::: Extracted information

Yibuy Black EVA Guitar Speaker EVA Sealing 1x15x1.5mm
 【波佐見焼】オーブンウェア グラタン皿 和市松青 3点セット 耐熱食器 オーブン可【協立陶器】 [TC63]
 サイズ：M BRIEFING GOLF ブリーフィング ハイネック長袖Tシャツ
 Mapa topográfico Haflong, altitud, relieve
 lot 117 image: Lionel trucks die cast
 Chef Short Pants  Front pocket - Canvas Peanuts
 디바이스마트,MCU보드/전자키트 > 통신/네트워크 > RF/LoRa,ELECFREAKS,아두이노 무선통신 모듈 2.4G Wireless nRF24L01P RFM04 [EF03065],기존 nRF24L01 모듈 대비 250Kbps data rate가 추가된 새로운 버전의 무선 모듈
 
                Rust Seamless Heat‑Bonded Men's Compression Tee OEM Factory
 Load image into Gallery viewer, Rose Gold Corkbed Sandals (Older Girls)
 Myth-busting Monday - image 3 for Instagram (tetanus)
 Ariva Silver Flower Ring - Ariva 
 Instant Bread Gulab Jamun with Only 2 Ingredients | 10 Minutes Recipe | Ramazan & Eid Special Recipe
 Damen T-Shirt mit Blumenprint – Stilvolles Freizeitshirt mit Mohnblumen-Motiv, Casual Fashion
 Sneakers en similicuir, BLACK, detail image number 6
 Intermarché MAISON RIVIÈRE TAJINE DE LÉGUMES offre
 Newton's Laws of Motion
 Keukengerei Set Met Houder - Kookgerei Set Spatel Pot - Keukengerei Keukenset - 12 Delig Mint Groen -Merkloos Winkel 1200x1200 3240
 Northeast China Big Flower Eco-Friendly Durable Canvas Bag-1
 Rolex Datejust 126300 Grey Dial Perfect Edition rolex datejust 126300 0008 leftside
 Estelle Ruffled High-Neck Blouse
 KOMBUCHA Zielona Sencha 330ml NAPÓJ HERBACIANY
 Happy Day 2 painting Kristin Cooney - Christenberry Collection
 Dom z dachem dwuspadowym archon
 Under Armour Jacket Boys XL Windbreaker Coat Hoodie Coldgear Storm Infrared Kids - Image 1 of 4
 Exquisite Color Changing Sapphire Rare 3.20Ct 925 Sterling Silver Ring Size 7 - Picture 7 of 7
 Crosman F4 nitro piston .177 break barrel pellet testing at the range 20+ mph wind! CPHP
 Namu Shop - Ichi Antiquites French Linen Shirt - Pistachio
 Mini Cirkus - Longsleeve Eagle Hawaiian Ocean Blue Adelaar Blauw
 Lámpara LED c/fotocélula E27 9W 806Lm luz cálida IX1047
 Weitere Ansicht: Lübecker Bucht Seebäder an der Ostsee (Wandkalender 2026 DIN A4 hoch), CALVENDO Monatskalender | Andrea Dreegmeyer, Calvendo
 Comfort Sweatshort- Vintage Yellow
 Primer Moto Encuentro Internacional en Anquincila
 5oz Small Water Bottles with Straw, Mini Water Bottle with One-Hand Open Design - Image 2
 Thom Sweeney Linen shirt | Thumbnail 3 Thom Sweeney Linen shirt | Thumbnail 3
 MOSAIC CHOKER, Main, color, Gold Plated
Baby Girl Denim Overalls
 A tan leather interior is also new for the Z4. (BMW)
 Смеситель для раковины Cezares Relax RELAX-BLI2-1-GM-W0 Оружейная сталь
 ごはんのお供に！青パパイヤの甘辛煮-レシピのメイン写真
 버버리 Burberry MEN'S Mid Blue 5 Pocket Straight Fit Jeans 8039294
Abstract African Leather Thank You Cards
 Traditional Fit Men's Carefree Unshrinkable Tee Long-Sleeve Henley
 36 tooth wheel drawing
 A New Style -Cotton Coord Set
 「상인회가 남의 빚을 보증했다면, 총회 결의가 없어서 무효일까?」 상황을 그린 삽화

::::::

Work order: If a line in the listing holds the word "Ring", copy it out.

Answer to this task:
 Ariva Silver Flower Ring - Ariva 
 Exquisite Color Changing Sapphire Rare 3.20Ct 925 Sterling Silver Ring Size 7 - Picture 7 of 7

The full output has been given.